Bank’s offer of ‘free’ insurance is dubious way to appreciate customers
Sally Hwang recently spotted a payment of $8.10 on her checking account statement for accidental death and dismemberment insurance. Problem was, she had no recollection of signing up for such coverage.
Worse, it appeared the Glendale resident had been making the payment every quarter for possibly years.
“At first, I thought it was identity theft,” Hwang, 47, told me. “But it didn’t seem like I’d been compromised. So then I assumed it was a scam.”
Those are both good guesses, and I encourage everyone to keep a close watch on their checking and credit card statements for just these reasons.
A little digging revealed that what happened to Hwang was more complicated.
First, let’s look at the unholy alliance that the banking and the insurance industries have created to sell accidental death and dismemberment coverage to millions of people.

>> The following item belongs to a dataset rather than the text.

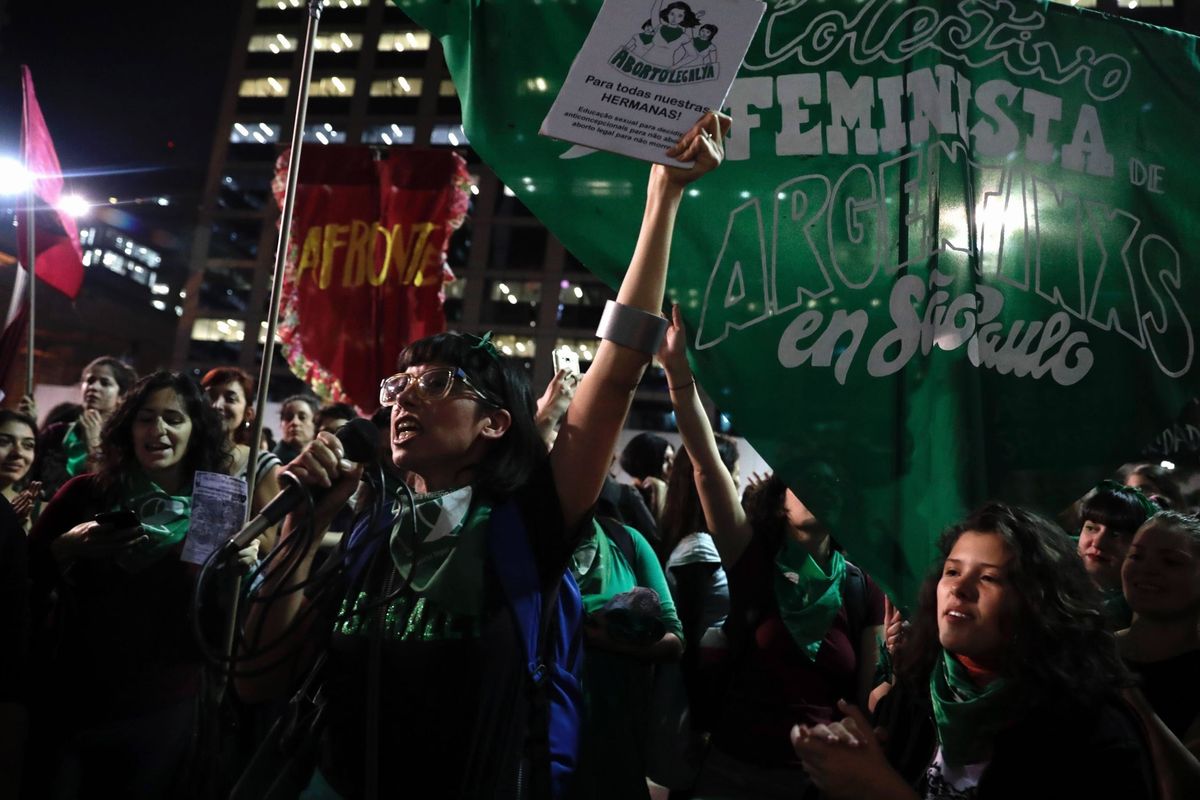 L’Argentina vota la vita e dice no all’aborto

“The Internet highway is littered with consumer complaints about unauthorized deductions for AD&D policies people didn’t remember requesting and didn’t know they’d been paying for,” said Amy Bach, executive director of the advocacy group United Policyholders.

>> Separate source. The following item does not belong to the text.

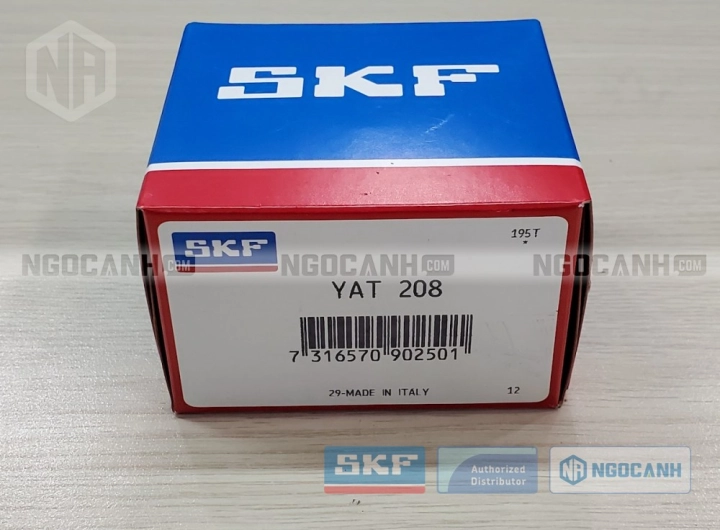 Vòng bi SKF YAT 208 chính hãng phân phối bởi SKF Ngọc Anh - Đại lý ủy quyền SKF Vòng bi SKF YAT 208 chính hãng phân phối bởi SKF Ngọc Anh - Đại lý ủy quyền SKF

Many banks and credit unions offer $1,000 worth of accidental death and dismemberment coverage free to customers. They typically say it’s a gift to reward loyalty.
Then, in their next breath, the firms offer a chance to upgrade to as much as $300,000 worth of coverage for only about $10 a month.
A good deal? The first thing you need to keep in mind is that your chances of losing a hand or foot in the modern workplace are pretty slim. And most people return from vacations and other outings with all their body parts intact.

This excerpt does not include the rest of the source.